Bacalao Casserole Walter-Angler
Shopping list for 4 adults
600 g cliff-fish, thick, salted and fresh
4 pieces. large potatoes, approx. 600g
1 dl virgin olive oil, cold pressed
1 large onion, chopped
2 cloves garlic, chopped
1 piece. red pepper, in strips
1 piece. red chili, with / without seeds
3 pieces. spring onion, the green for garnish
1 small can of tomato paste, 60 g
1 can chopped tomatoes, 400g
½ dl water
½ dl Fino Sherry
1 tsk. paprika, smoked
The Peber Mill is put on the table

Accessories and decorations:
A good bread to your own taste is suitable for the dish
Finely chopped spring onion, the green part
Black olives, without stones
I am an angler in Scandinavia
Recipe No. 128
Bacalao served in deep plates with a cold Porter
Bacalao served in deep plates with a cold Porter

Procedure without liability: Start by preparing the dried and salted cod called cliff-fish in Danish. Preferably buy the thick pieces closest to the head. Divide the piece into 4 parts and place them in a bowl with plenty of cold water. A bowl with a lid is preferable for the sake of the "scent". Place the bowl in the refrigerator for 24 hours. Change the water after 24 hours and put the bowl back in the fridge for 24 hours. After 48 hours, the fish must be cleaned of skin and bones, cut into 3 cm wide strips 6 cm long. Dub the fish for moisture and put it in the fridge while the rest is being cooked.

Prepare all vegetables so they are ready to get in the hot oil. The potatoes are peeled and cut into very thin slices. I used my grater for cucumbers. Onions and garlic are chopped, red pepper and red chili are cut into strips. Decide for yourself whether the kernels in the chili should be included. With kernels, the dish becomes "HOT", without less "HOT". I took half of the kernels in the dish and it was convenient for me, but not for the Lady - too "HOT". The white of the spring onions is finely chopped for the dish, the green is cut for garnish.

The oil is heated in a suitably large pan, where the onion and garlic are just switched for a minute. Add tomato puree and switch again for a minute. Add chopped tomatoes, red pepper, red chili, spring onion, smoked paprika, water and sherry. Bring the sauce almost to a boil and put the sliced potatoes in the pan. Stir well in the pan so that the "things" mix. After 15 minutes, place the fish pieces in the pan and carefully turn the "things" over the fish pieces. Turn down the heat and let it simmer for 50 minutes under a lid. After this, do not stir in the pan, because then it becomes "Pickfish". Make sure there is enough moisture. Dilute with water / sherry if necessary.

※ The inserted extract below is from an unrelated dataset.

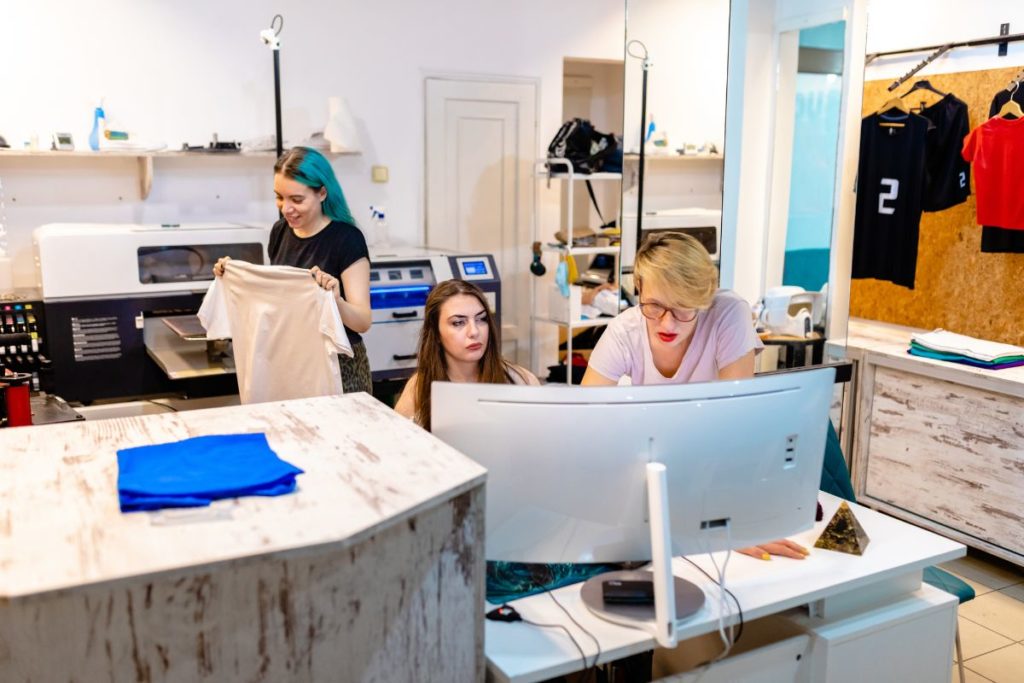 Trois femmes travaillant dans un atelier d'impression numérique textile, l'une tenant un t-shirt imprimé.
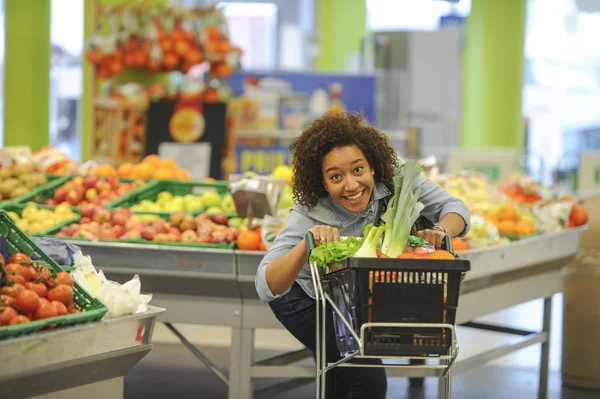 Mujer compra verduras y alimentos en el supermercado —  Fotos de Stock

During cooking, the potatoes give off so much moisture that the dish is suitable to be served in bowls or deep plates. The dish is suitable for a good bread that can be dipped in the sauce.

Serving: Find a good bread to your liking and serve it to the dish.

Decorate: Use the green from the spring onions. Cut it nicely over the dish. Top with black olives.

Drink: A cold Porter goes well with the dish.

Tip: Be careful with salt, because it comes from the cliff-fish.